They returned to Marin Veterans' Auditorium in the new year to record their twelfth studio album In The Dark. Released in July 1987, the album was an unprecedented success for the Dead, selling two million copies and soaring to No. 6 on the charts, while lead single ‘Touch of Gray’ became their first top ten hit. Garcia plays Tiger in the group’s first ever music video for ‘Touch of Gray’, which saw a band of skeleton marionettes morph into the Dead performing on stage as themselves. The music documentary video Grateful Dead: So Far was also released this year, featuring the 1985 Marin Vets footage, together with the group’s 31 December 1985 concert at the Oakland-Alameda County Coliseum – Garcia plays Tiger throughout. The Dead embarked on a short tour with Bob Dylan in July 1987, during which they played their own set and then backed Dylan for a 90-minute set. The Dead’s New Year’s Eve show at the Oakland Coliseum in 1987 was recorded for the concert video Ticket to New Year's. Originally released on VHS in 1996, the concert has since been released as part of the Dead’s 2012 DVD box set All the Years Combine: The DVD Collection, along with the aforementioned Dead Ahead and So Far videos, as well as Truckin' Up to Buffalo and Downhill From Here, the concert videos of the Dead’s shows at Rich Stadium in Orchard Park, NY, and Alpine Valley Music Theatre, Wisconsin, on 4 and 17 July 1989, all of which feature Garcia playing Tiger.

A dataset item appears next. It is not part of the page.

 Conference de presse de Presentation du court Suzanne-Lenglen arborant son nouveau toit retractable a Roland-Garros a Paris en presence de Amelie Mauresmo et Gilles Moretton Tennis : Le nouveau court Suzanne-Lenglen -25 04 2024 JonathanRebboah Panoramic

Tiger was evidently a much-loved guitar throughout this period, treated with kid gloves by Garcia’s crew. In a 1988 interview with Guitar Player magazine, Garcia’s longtime equipment manager Steve Parish said of Tiger: That guitar really is like an art piece. I love taking care of it because it’s such a one-of-a-kind thing. I literally keep it with me all the time when jerry doesn’t have it. It’s like a good friend. Years later, he would tell the San Francisco Chronicle’s pop music editor Joel Selvin: We slept with these instruments. You could lose amps. You could break things, and sometimes we did. But I could never look Jerry in the eye and say, “I don't have your guitar.”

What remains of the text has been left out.